China's False Trade Data May Play Policy Role

An analysis by Michael Lelyveld
2016.06.27
coal-imports-305.jpg A cargo ship carrying coal docks at Lianyungang Port in China's Jiangsu province, Jan. 15, 2012.
AFP

A surge in China's official figures for imports from Hong Kong has spurred familiar suspicions of illicit currency trading, but it has also raised an intriguing question.

Why have China's regulators allowed it to go on?

After China's General Administration of Customs (GAC) reported trade data for May this month, foreign news organizations were quick to question a 161.7-percent jump in imports from Hong Kong in yuan terms.

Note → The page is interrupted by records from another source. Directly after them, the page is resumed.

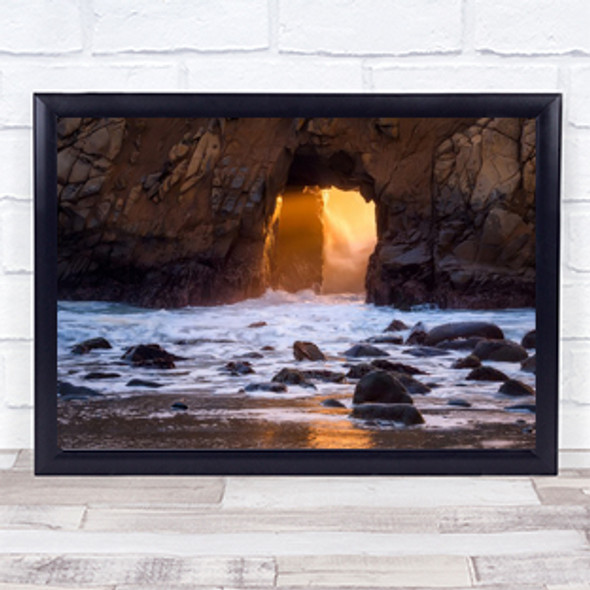 Fire In The Hole Rock Rocks Stones Water Sea Ocean Seascape Beach Wall Art Print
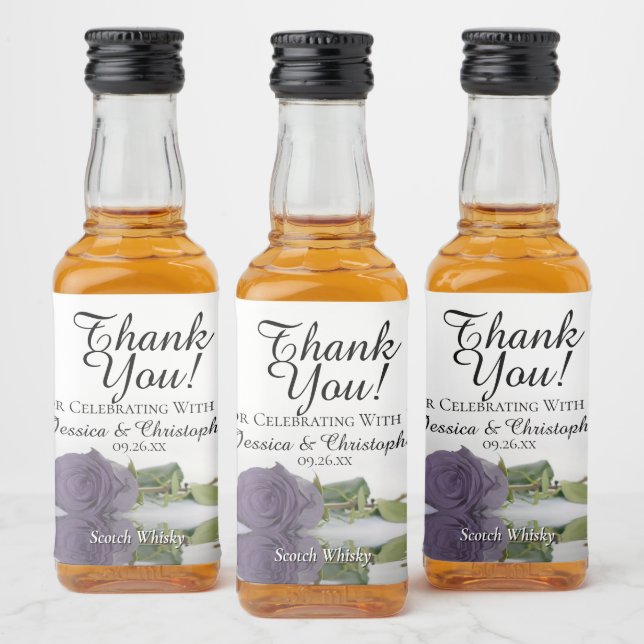 Étiquettes Pour Bouteilles De Liqueur Romantique Dusty violet Rose Merci Mini (Bouteilles)
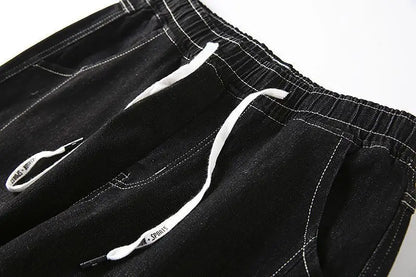 Men Wide Leg Jeans black denim with white drawstrings UpTrend Deals baggy vintage streetwear on Tampa Home & Garden Store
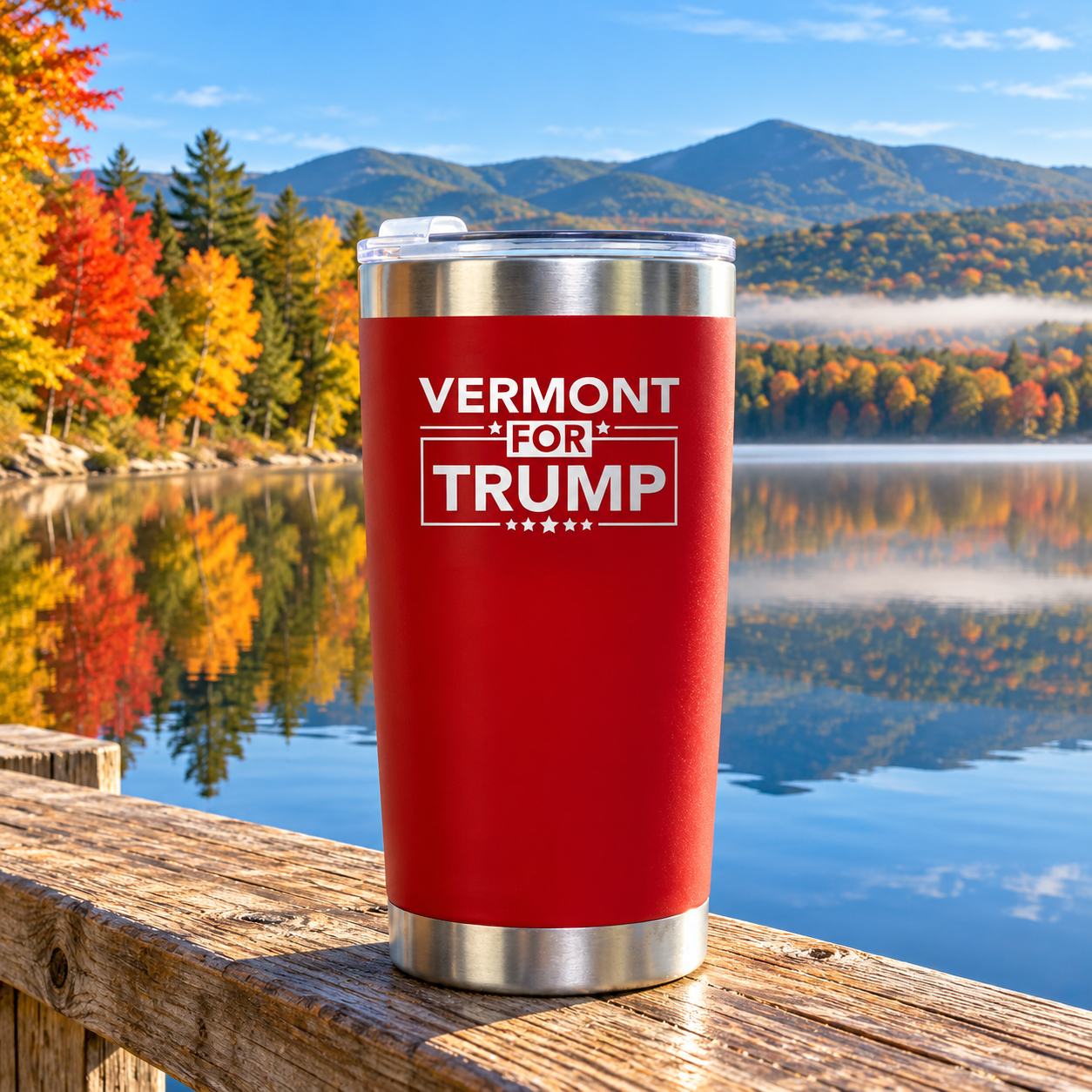 Vermont red 20oz tumbler on a dock railing (lifestyle)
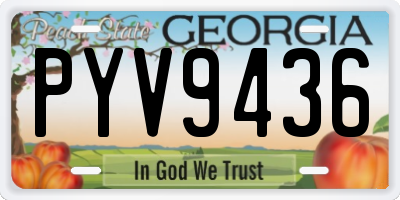 GA license plate PYV9436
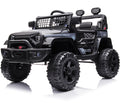 12V Ride on Cars, Kids Ride on Toys with 2.4G Remote Control, Electric Vehicles Ride on Truck Car with LED Lights, FM, Seatbelt, Black Battery-Powered Ride on Toys for Boys Girls, 3 Speeds, LL744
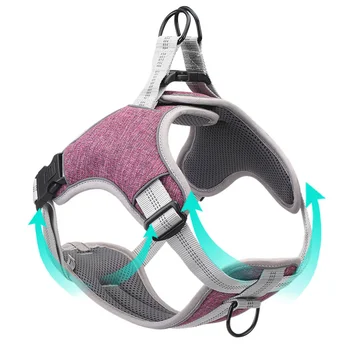 

Adjustable Pet Harness Breathable Dog Chest Straps Vest Type Pet Chest Back Reflective No-Pull Dog Harness (Purple Size S)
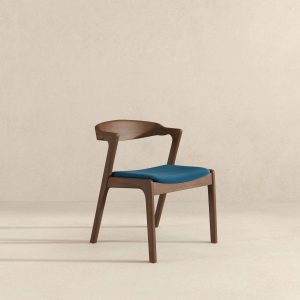 Dakota Mid-Century Modern Solid Wood Blue Velvet Dining Chair (Set of 2)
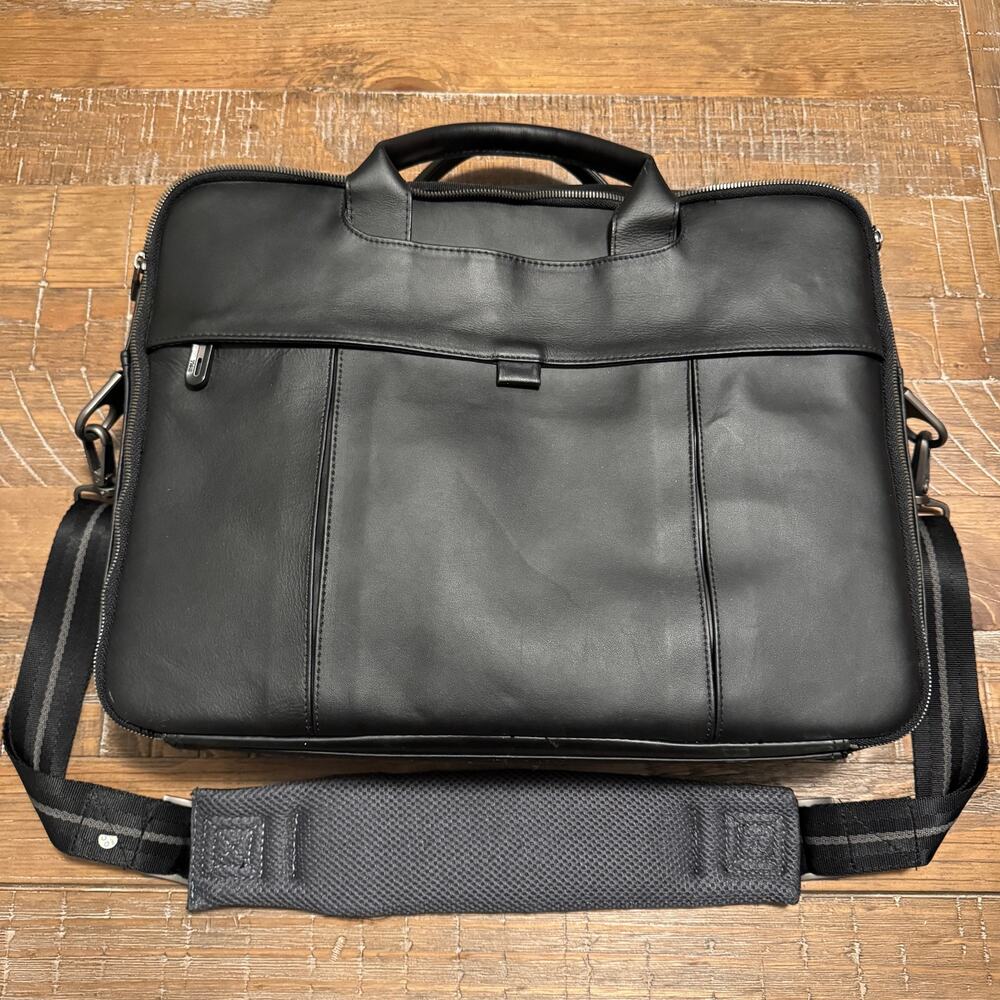 Dell Executive Black Leather Laptop Briefcase Bag 17x13 Multi-Compartment Padded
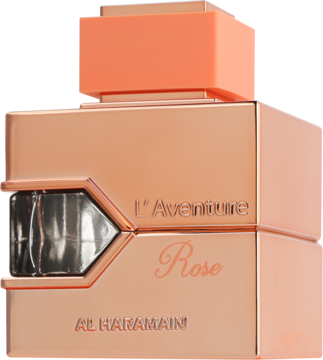 Rose goldowa butelka wody perfumowanej Al Haramain L'Aventure Rose, pomarańczowy korek, widok z przodu.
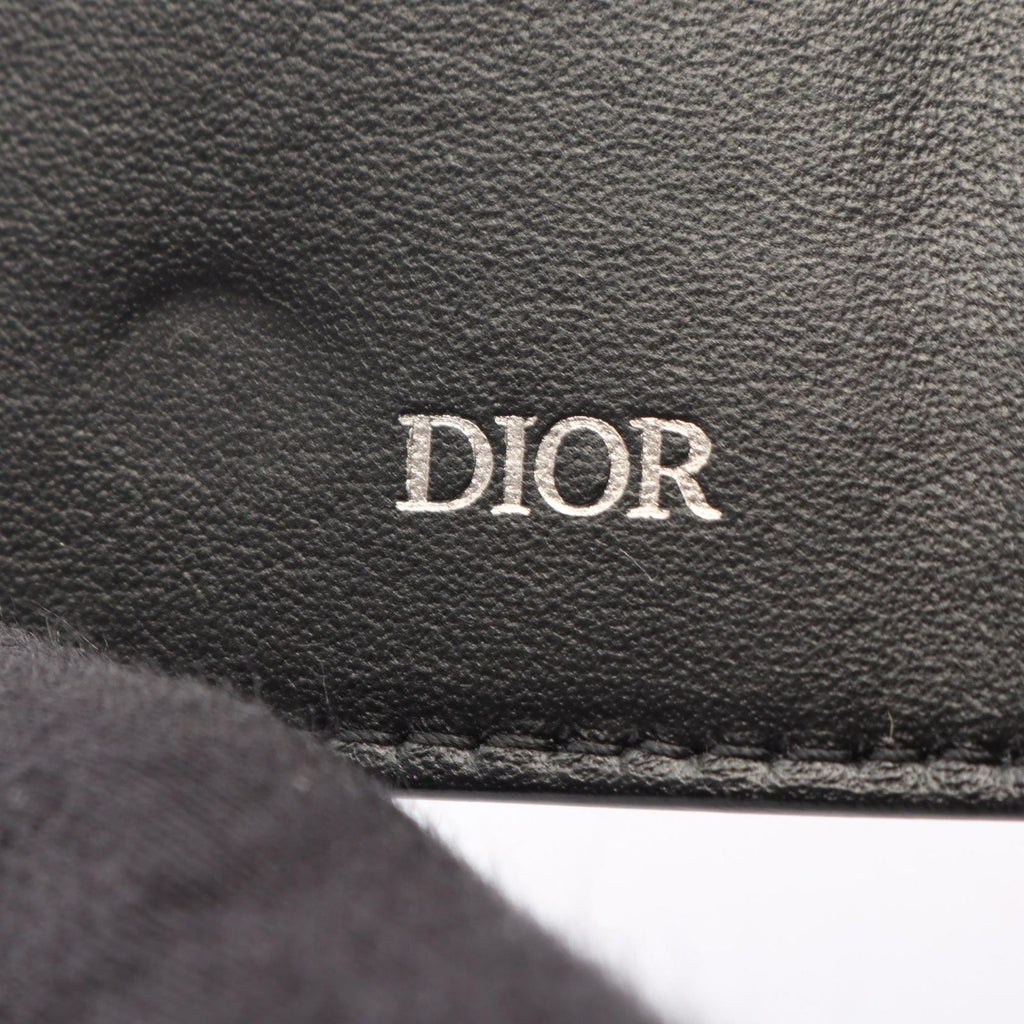 Dior Key Case CD Logo Black Leather Key Holder — view 4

The London-based Financial Times said the increase in U.S. dollar terms from a year earlier hit a record 242.6 percent, "suggesting no let-up in the ploy of over-invoicing to move cash out of China."

Over the years, currency speculators have routinely overstated the value of imports to skirt China's capital controls, converting yuan into stronger dollars under the guise of payments based on inflated invoices.

"Inflating the value of imports from Hong Kong to China is an old ruse that has regained popularity this year as authorities in China clamp down on official channels of taking cash abroad," the Financial Times said.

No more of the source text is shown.